In honor of Rodeheaver’s contributions in advancing this innovative wound-healing technology, which he developed over more than three decades of research in the U.Va. Health System, the U.Va. Patent Foundation named him the 2008 Edlich-Henderson Inventor of the Year.
“Each year, the Patent Foundation selects a U.Va. researcher whose contributions have had an important impact on society as well as their field as the Edlich-Henderson Inventor of the Year,” said Robert S. MacWright, executive director of the Patent Foundation.
“This year,” he added, “Dr. Rodeheaver was chosen for this top honor because of his work to reduce the suffering and improve the recovery of burn victims and patients with chronic wounds. This work has made a big difference for patients at the U.Va. Health System, and Dr. Rodeheaver’s continued efforts will bring its benefits to patients everywhere.”
Rodeheaver, the Richard F. Edlich Professor of Biomedical Research, said he is especially thrilled to have been selected as the winner of an award named in part for his friend, co-inventor and long-time collaborator. “This award is not only an honor for me but also a tribute to Dr. Edlich, who has made so many contributions to emergency medicine over the years,” he says.
Building on his success achieved within the U.Va.
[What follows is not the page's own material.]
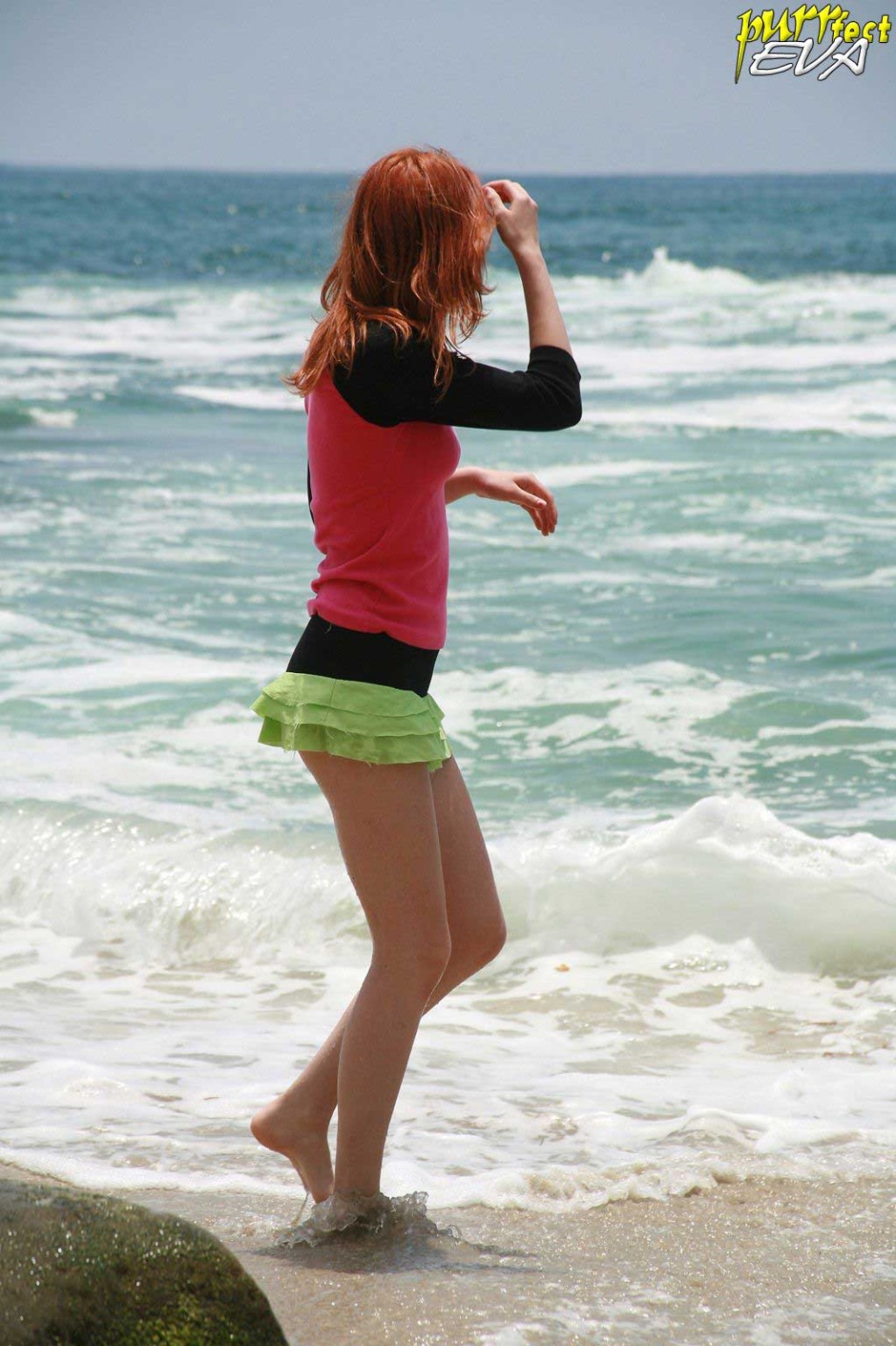 Redhead teen playing at the beach #72319648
Health System, Rodeheaver has worked diligently to commercialize the technology through a start-up company, PluroGen™ Therapeutics Inc., which he founded with associate professor Adam J. Katz, also of the Department of Plastic Surgery. PluroGen™ is currently seeking Federal Drug Administration approval of the product so that it can be made available commercially to the public, beyond the University hospital.
After 36 years at the University and having written more than 200 journal articles, Rodeheaver said he continues to enjoy pushing forward on the frontiers of science. According to the faculty member-cum-inventor and now entrepreneur — who considers himself to be “old-school” — technology transfer is an exciting new path for his research.
“It is a new paradigm for me; it’s unique and exciting,” he said. “Entrepreneurship in particular is something I see as a brand-new adventure.”
Rodeheaver was honored May 19 at the Patent Foundation’s annual awards banquet, which also celebrated those U.Va. inventors who received U.S. patents and copyrights in 2007.